Radu e l’ultima moda del calcio, le «papere» dei portieri

Ionit Radu è stata solo l’ultima vittima in una settimana che ha visto cadere anche un monumento con Buffon e una giovane promessa come Meret. Portieri sacrificati sull’altare del nuovo calcio che chiede loro di non staccare mai e di specializzarsi nell’interpretazione multiruolo del proprio lavoro, dove la qualità del gioco di piede diventa quasi più importante di quello che si è capaci di fare tra i pali. Che piaccia o no, è la frontiera della tattica negli anni Venti del nuovo millennio. Non lo chiede solo qualche allenatore innamorato della ripartenza dal basso, lo pretendono ormai tutti convinti che i vantaggi siano superiori agli svantaggi, anche a costo di incassare qualche gol evitabile, piangere e ricominciare.

Radu è caduto vittima e con lui si sono bruciate le speranze scudetto dell’Inter, ora legate all’ipotesi remota di un suicidio sportivo del Milan che ha il destino saldo nelle proprie mani e un calendario sulla carta difficile ma nella realtà, forse, meno complesso di quanto appaia. La paperissima di Bologna del portiere di riserva nerazzurro è destinata a lasciare traccia nella storia di questo campionato e ad essere ricordata come uno dei grandi scivoloni della storia del calcio italiano. E’ stata tutta e solo colpa sua? O qualcuno poteva evitare che il portiere romeno arrivasse fino al liscio fatale?

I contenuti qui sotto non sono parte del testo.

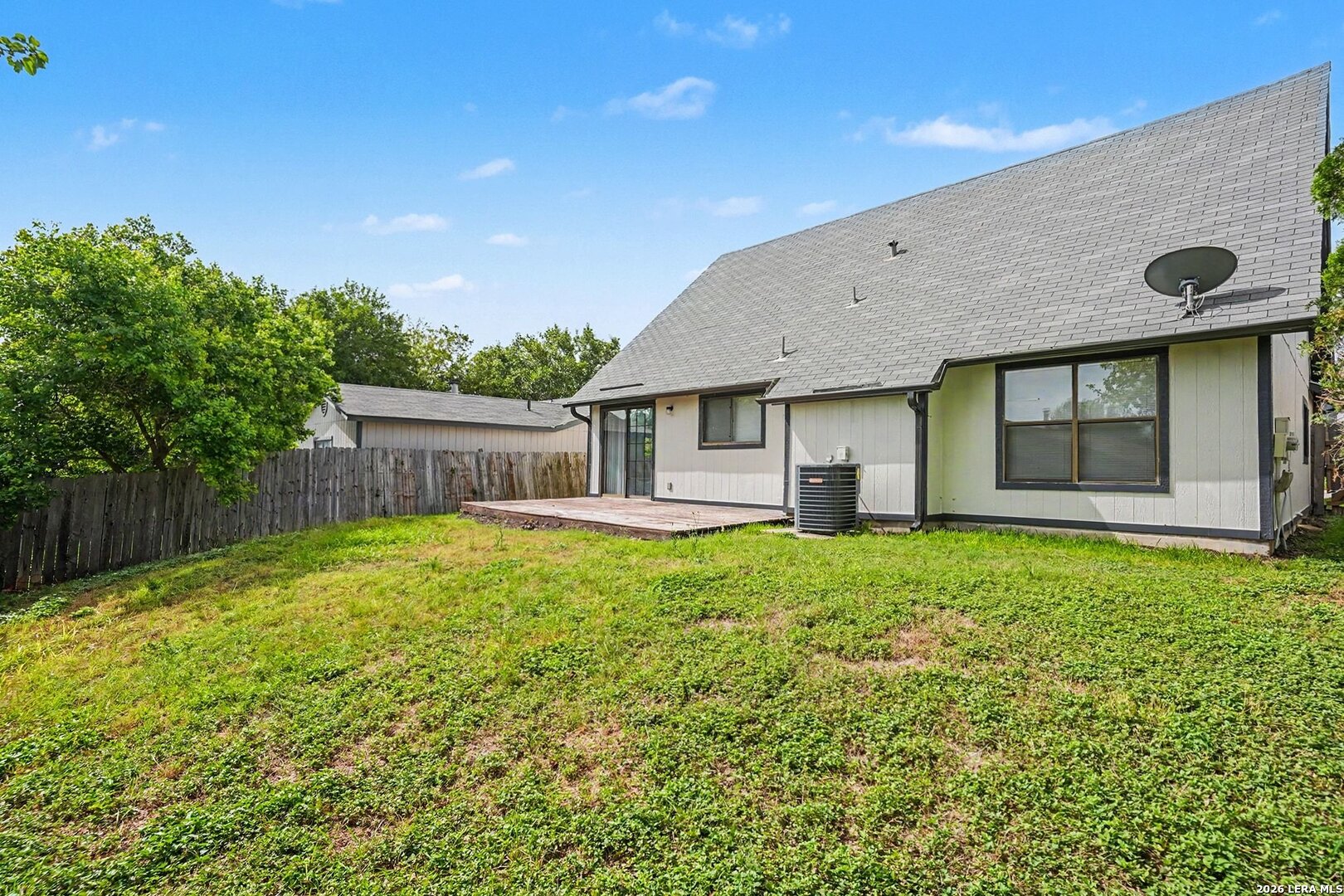 7911 Oval Meadows San Antonio TX 78244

Il dibattito è aperto da mesi e non coinvolge solo Simone Inzaghi e l’Inter, accusati di giocare un calcio Anni ’60 da una leggenda come Arrigo Sacchi, eppure lontanissimo dall’idea di speculazione e catenaccio riletta in senso critico, a volte dispregiativo. Radu ha sbagliato ma più di lui è colpevole la radicalizzazione dell’idea dell’azione manovrata a qualunque costo, quella che ha spinto i suoi compagni a servirgli quel pallone in un corridoio strettissimo fidando sulla sua capacità di addomesticarlo e rigiocarlo. Una fiducia cieca e mal riposta, in Radu e in tutti gli altri: condannati a non sbagliare mai perché il liscio del portiere interista accade altre decine di volte in una stagione in altre zone del campo, lo firmano calciatori molto più specializzati di lui nel lavorare il pallone, eppure alla storia resteranno solo le sue lacrime al Dall’Ara.

L’Inter si è fatta scivolare dalle mani lo scudetto per colpa e non per sfortuna. Al di là dell’errore capitale che ha condannato alla sconfitta di Bologna, la squadra di Inzaghi non è stata capace di vincere l’ansia crescente con lo scorrere del tempo, non ha dominato la paura e si è infranta su Skorupski e su quel sottile vetro che ha protetto la porta del Bologna nella seconda parte della sfida. La sconfitta è anche casuale, come spesso capita nel calcio. Il modo in cui è stato approcciato un match fondamentale, no. Aver concluso molto più degli avversari è un dato, non una strada per sollevarsi dalle proprie responsabilità.

Cosa accadrà da qui alla fine della stagione? Impossibile prevederlo con certezza dentro un campionato che ci ha abituato a mille ribaltoni. C’è, però, un dato chiarissimo: non esiste in Italia una squadra dominante, che comandi per distacco sulle altre e che sia destinata a prescindere a essere più forte anche dei propri errori e dei propri passaggi a vuoto. Anche per questo la papera di Radu è definitiva; dentro un equilibrio così ogni dettaglio conta. Aver gettato al vento tutto inseguendo un modello unico, quasi ideologico, assomiglia tanto a una sentenza definitiva.